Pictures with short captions

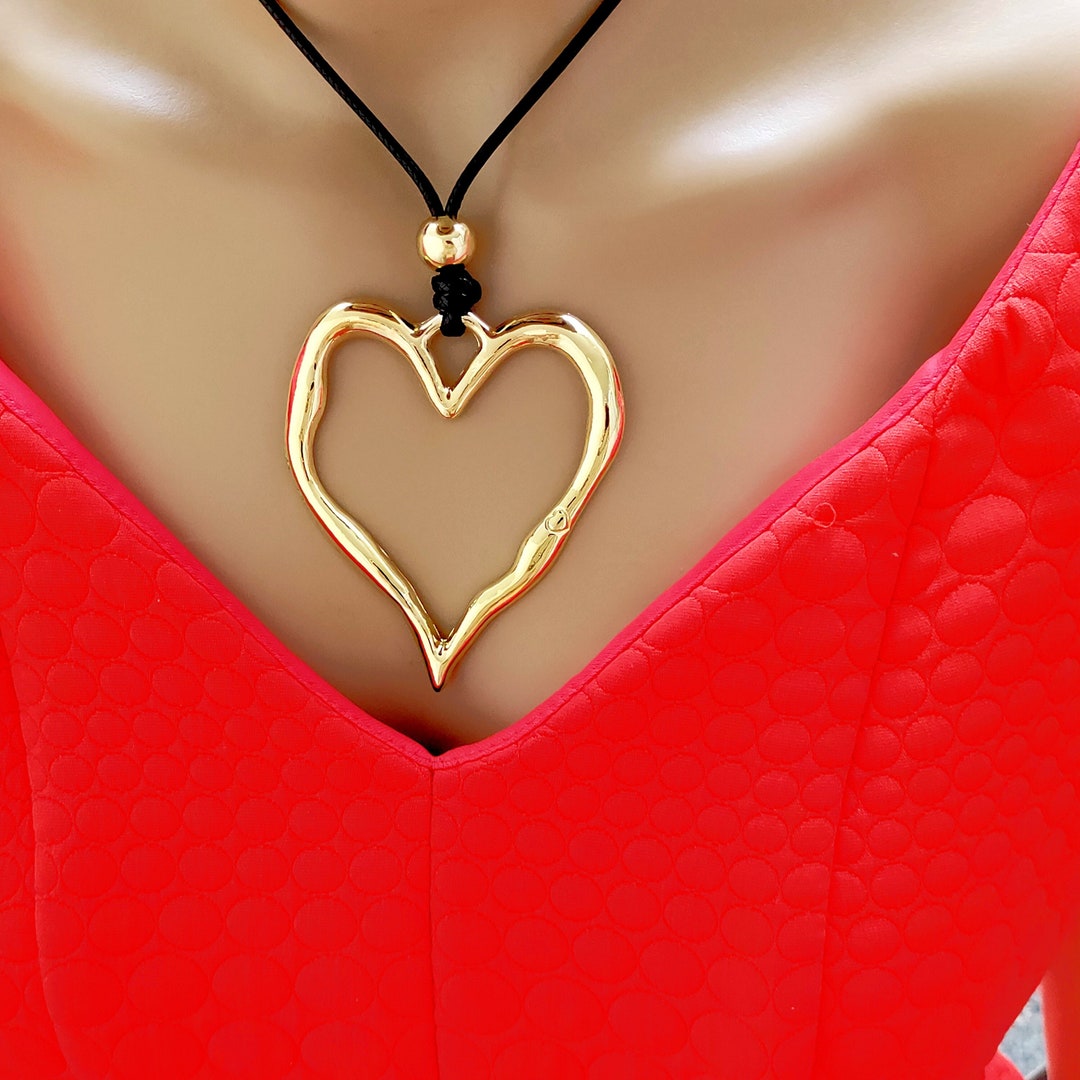 Gold, Hollow Heart Long Pendant Necklace for Women Fashion Jewellery ...
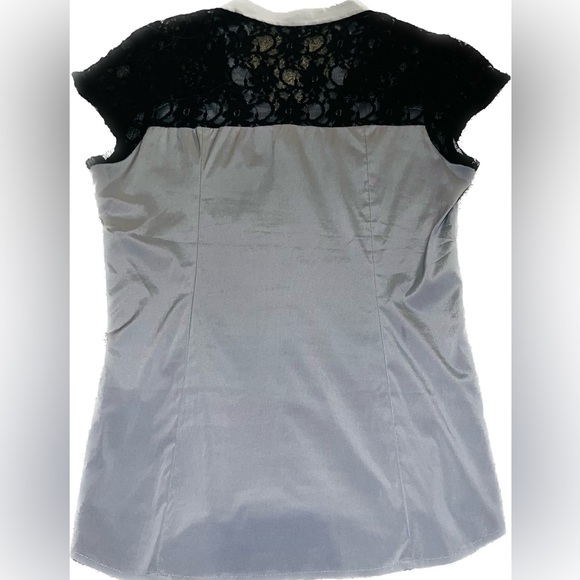 S/P Small Gray Black Lace Button Up Express Elite Stretch Short Sleeved Shirt - Picture 2 of 5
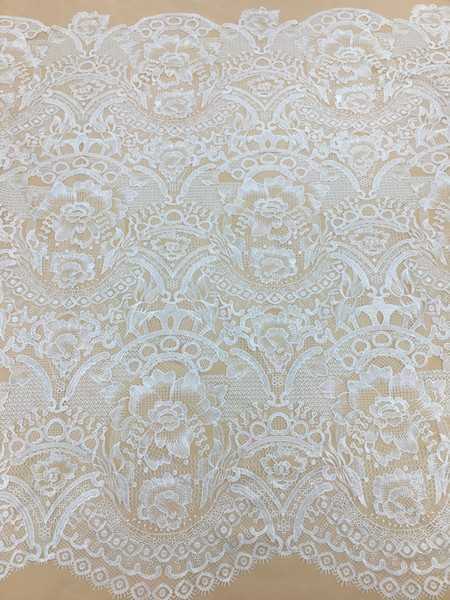 new style White Bridal Fabrics, fashion tulle lace Fabric For wedding Dresses, Sewing Supplies Mesh Embroidery Fabric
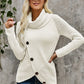 Decorative Button Mock Neck Sweater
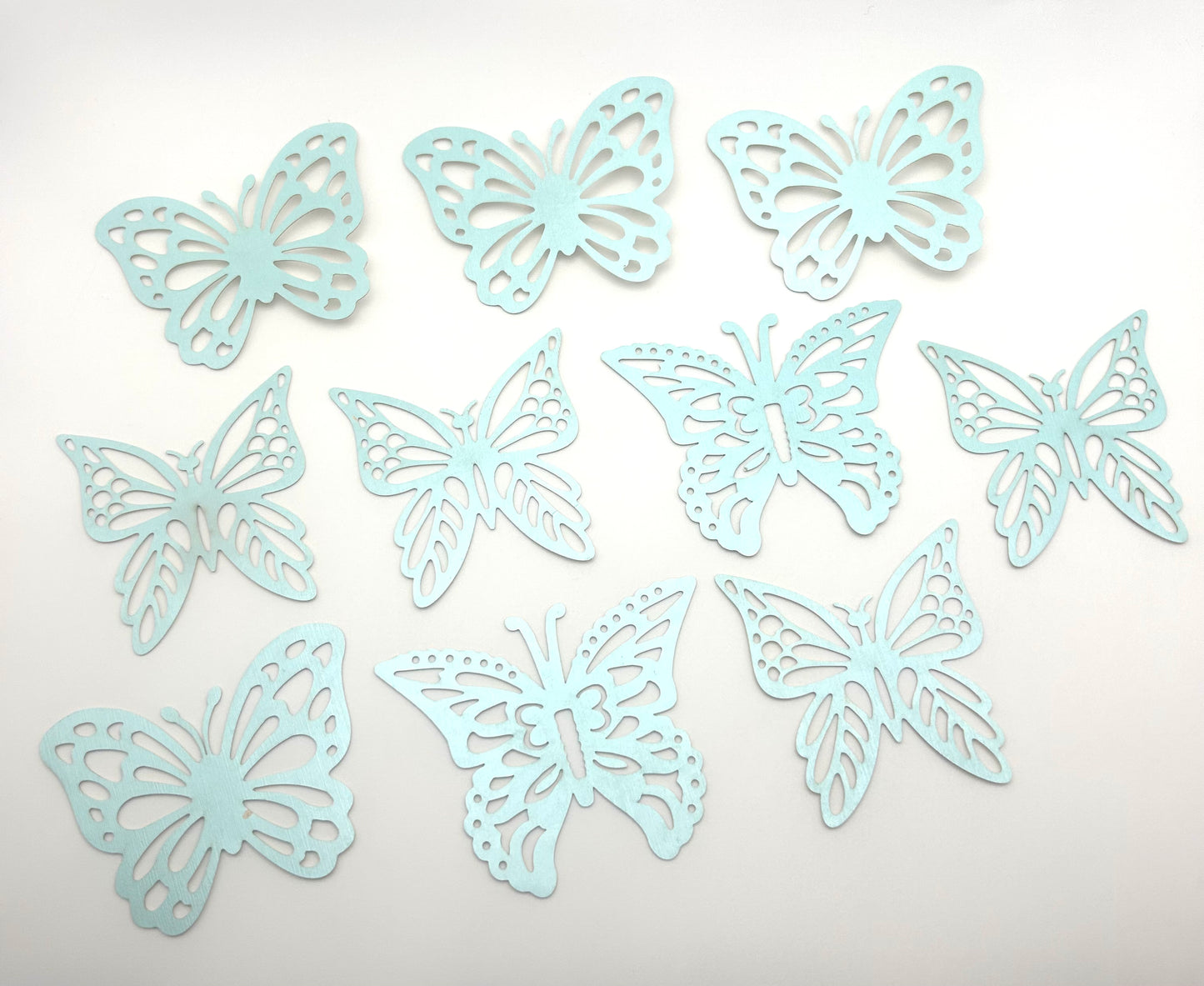 Pearlized pastel blue butterflies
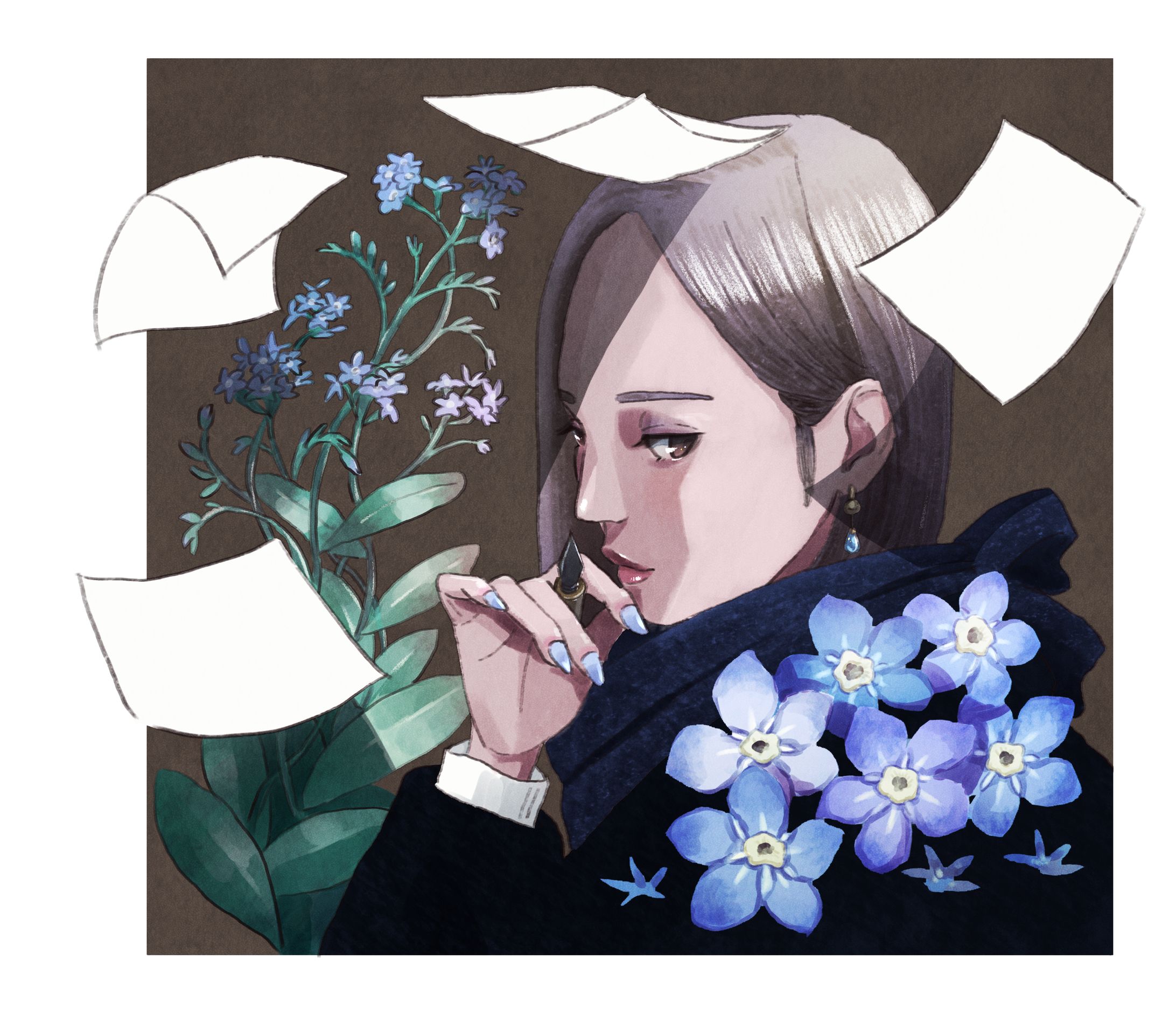 勿忘草と女性-1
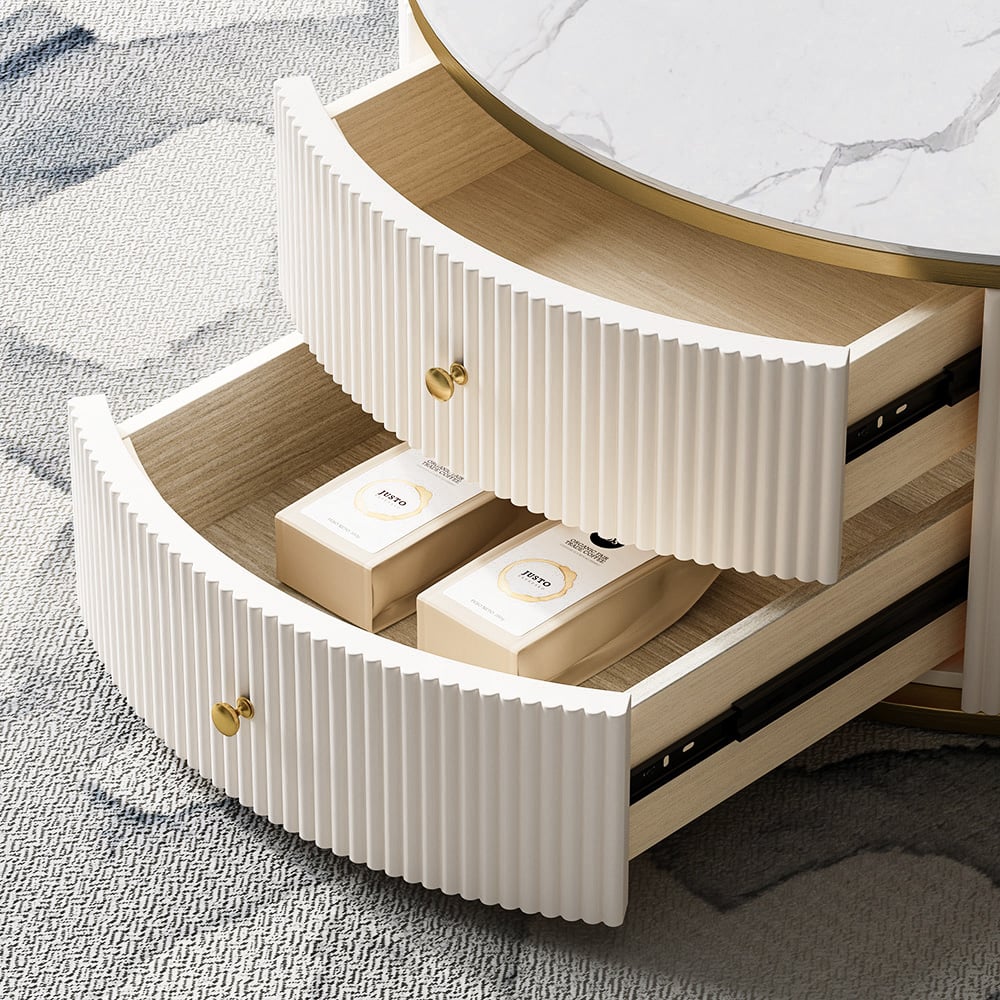 Grovyn 28"-32" Round Nesting Coffee Table Set with Sintered Stone Top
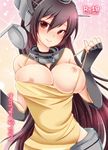 :&gt; apron black_hair blush breasts breasts_outside elbow_gloves gloves hairband headgear highres kantai_collection kaya_(kaya_127) large_breasts long_hair nagato_(kantai_collection) naked_apron nipples red_eyes smile solo 
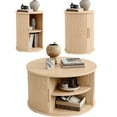 thumbnail image 1 of Linsy Home Fluted Coffee Table Sets 3 Pieces, Wood Living Room Table Set Include Coffee Table Round with Large Storage, Fluted End Table Set of 2, Oak, 1 of 9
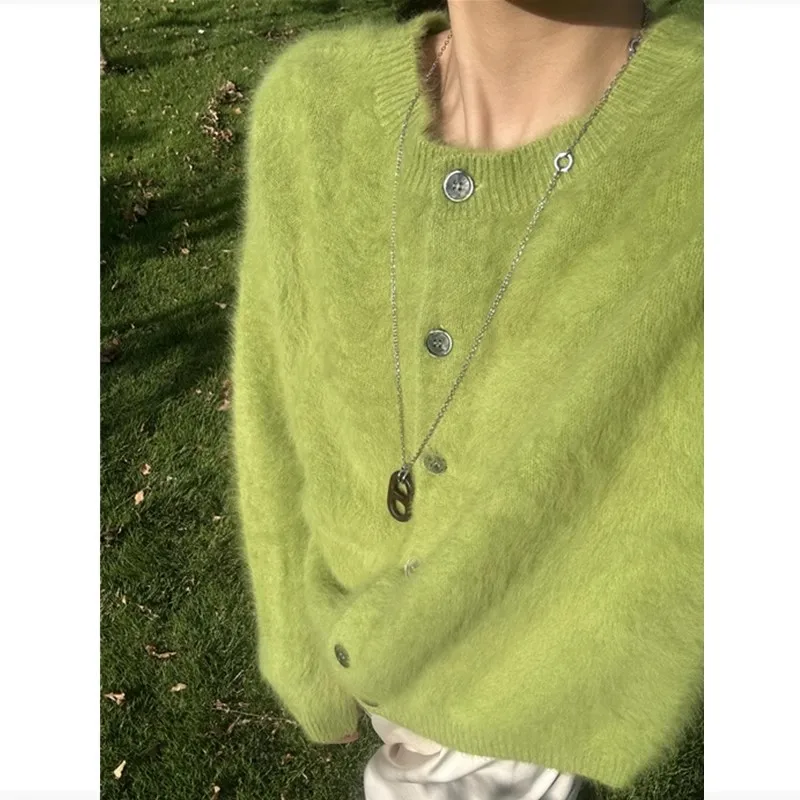 Chaqueta tipo suéter verde holgada y de alta gama con cuello redondo para mujer, ropa de otoño e invierno, cárdigan grueso suave y de felpa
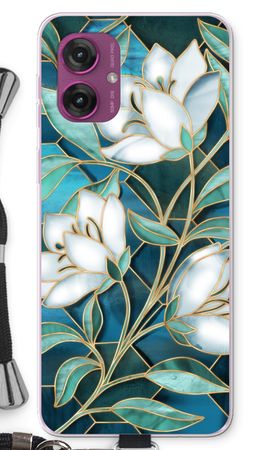 Blue stained glass flowers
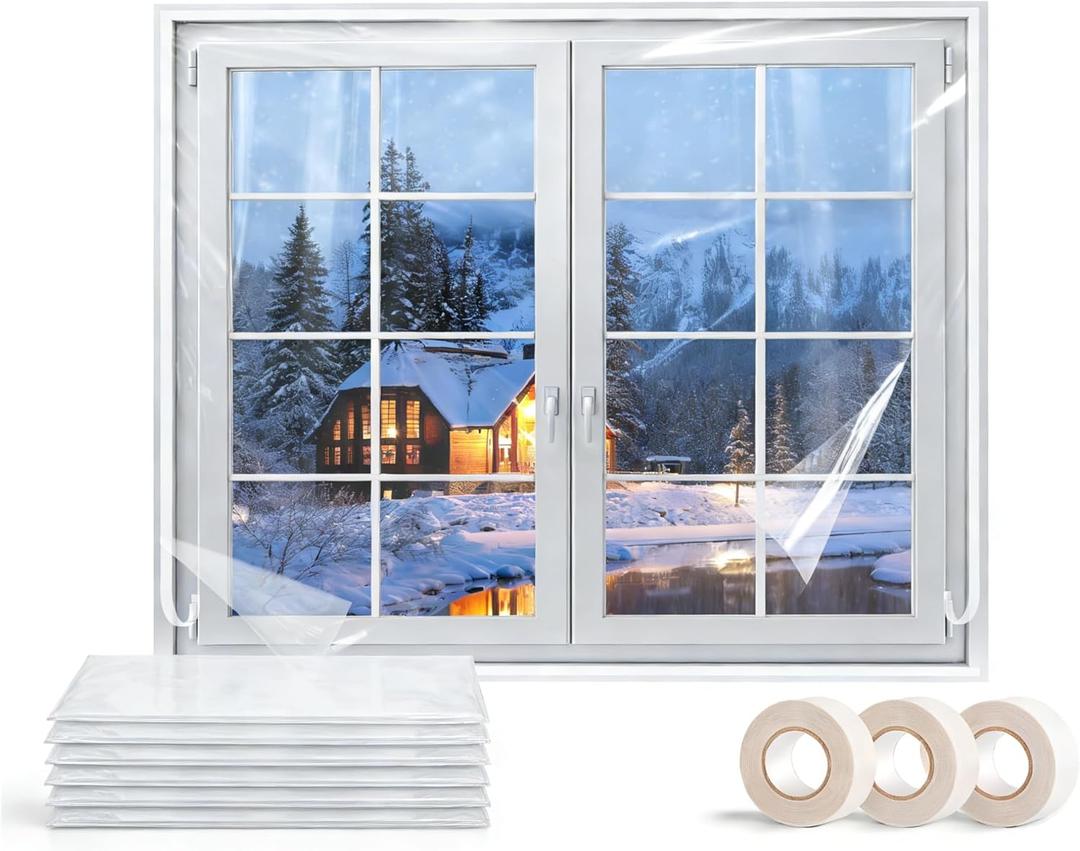 Nuanchu 6 Pieces Window Insulation Kit for Winter Total 47 x 756 Inch Plastic Window Coverings with Double Sided Interior Replacement Tapes, Winterizing Kit for Winter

How to complete this task — Restate the lines above from the one containing "S/P Small Gray" through the one containing "red_eyes smile solo", inclusive, exactly and without pictures.

Written solution —
 S/P Small Gray Black Lace Button Up Express Elite Stretch Short Sleeved Shirt - Picture 2 of 5
 new style White Bridal Fabrics, fashion tulle lace Fabric For wedding Dresses, Sewing Supplies Mesh Embroidery Fabric
 Decorative Button Mock Neck Sweater
 Pearlized pastel blue butterflies
 勿忘草と女性-1
 Grovyn 28"-32" Round Nesting Coffee Table Set with Sintered Stone Top
 :&gt; apron black_hair blush breasts breasts_outside elbow_gloves gloves hairband headgear highres kantai_collection kaya_(kaya_127) large_breasts long_hair nagato_(kantai_collection) naked_apron nipples red_eyes smile solo 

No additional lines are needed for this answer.